When international sculptor Herb Parker began construction on his nature-based installation in Santa Barbara’s Botanic Garden, he had literally one shovel to work with. The project was scheduled to begin on May 11, less than a week after the Jesusita Fire began consuming acreage and property, including all of the Garden’s horticulture and construction tools. However, with the help of a team of volunteers-who apparently turned a blind eye to the Garden’s ongoing volunteers’ walk-out drama-Parker’s work continued as planned. “I think this project gave [the Botanic Garden staff] a needed focus while the area regrows,” said Parker. “I admire their determination in the wake of such utter devastation.”
Parker’s featured house-like sculpture, which has yet to be named and is in its final stages of completion, sits on the north end of the Garden’s central meadow and rises, quite suddenly, out of the surrounding low-lying foliage.
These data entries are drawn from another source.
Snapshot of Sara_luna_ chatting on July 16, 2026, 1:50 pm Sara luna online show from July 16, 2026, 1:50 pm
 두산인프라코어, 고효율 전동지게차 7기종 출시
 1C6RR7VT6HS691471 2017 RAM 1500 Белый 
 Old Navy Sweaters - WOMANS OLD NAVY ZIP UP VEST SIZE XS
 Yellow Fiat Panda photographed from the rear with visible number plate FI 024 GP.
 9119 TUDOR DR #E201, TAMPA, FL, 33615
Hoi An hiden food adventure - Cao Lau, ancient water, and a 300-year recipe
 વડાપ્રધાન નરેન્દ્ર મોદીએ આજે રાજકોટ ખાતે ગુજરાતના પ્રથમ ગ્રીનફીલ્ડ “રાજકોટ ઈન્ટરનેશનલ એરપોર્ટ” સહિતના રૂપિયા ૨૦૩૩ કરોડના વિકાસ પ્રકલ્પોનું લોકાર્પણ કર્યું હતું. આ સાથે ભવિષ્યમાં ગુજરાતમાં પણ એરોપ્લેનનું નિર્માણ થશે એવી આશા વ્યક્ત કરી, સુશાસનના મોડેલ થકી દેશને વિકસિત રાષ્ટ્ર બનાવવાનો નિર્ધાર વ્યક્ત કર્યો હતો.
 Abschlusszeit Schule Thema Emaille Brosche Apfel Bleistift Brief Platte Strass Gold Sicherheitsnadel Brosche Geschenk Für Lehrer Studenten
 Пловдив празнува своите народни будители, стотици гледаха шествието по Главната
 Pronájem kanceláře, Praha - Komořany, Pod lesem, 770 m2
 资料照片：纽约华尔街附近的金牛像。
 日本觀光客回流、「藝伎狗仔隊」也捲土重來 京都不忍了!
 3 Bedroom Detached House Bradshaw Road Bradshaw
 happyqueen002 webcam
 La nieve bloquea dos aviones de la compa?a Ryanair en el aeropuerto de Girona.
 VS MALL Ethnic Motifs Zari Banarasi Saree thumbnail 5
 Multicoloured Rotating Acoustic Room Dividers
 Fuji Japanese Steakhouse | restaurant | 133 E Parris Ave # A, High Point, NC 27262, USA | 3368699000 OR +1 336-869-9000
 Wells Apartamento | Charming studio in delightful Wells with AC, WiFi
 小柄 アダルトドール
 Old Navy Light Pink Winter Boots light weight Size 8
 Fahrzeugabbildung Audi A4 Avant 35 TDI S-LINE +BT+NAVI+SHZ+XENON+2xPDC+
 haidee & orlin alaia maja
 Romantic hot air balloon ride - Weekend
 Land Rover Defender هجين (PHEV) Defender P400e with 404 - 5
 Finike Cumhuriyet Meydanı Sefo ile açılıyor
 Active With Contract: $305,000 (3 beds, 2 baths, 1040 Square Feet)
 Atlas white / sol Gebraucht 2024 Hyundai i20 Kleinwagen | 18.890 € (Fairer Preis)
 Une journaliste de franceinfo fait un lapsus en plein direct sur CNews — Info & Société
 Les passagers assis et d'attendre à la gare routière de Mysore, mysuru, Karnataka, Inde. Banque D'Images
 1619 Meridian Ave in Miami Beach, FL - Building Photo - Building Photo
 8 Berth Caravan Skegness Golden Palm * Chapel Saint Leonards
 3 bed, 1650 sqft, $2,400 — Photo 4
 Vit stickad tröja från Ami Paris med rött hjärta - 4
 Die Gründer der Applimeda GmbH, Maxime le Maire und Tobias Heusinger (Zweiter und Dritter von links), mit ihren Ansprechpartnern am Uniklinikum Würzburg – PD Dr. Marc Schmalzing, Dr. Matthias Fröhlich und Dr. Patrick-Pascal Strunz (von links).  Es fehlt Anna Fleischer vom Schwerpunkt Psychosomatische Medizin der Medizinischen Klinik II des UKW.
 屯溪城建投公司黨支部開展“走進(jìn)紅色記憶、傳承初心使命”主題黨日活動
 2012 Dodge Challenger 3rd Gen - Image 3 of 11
At 30 feet deep, 40 feet across, and 15 feet high, the commanding installation is meant to be viewed-or rather participated in-by walking through one of the two gaping entrances and continuing along a snaking path before eventually arriving at a central site. Inside the quasi-labyrinth, light plays off the dozens of redwood logs that support its “living roof” which, on its underside, is made of sod and, on the surface, is dotted with indigenous plantings that will be changed according to season throughout the two-year lifespan of the structure.
When asked what he would like admirers to take away from his most recent work, Parker responded, “I hope people will obtain a heightened mystical reverence for nature and environment. As people move through [the building] together and meet in the middle they may engage in a dialogue about nature or whatever comes up.” As he discussed the project, the naturalist, sculptor, and teacher (Parker is a professor of art at the College of Charleston) said he couldn’t help but enthuse over Santa Barbara’s unique climate and landscape while working at the Garden, even in light of the area’s recent wildfire. “Once you got over the campfire smell, it was a great place to work.”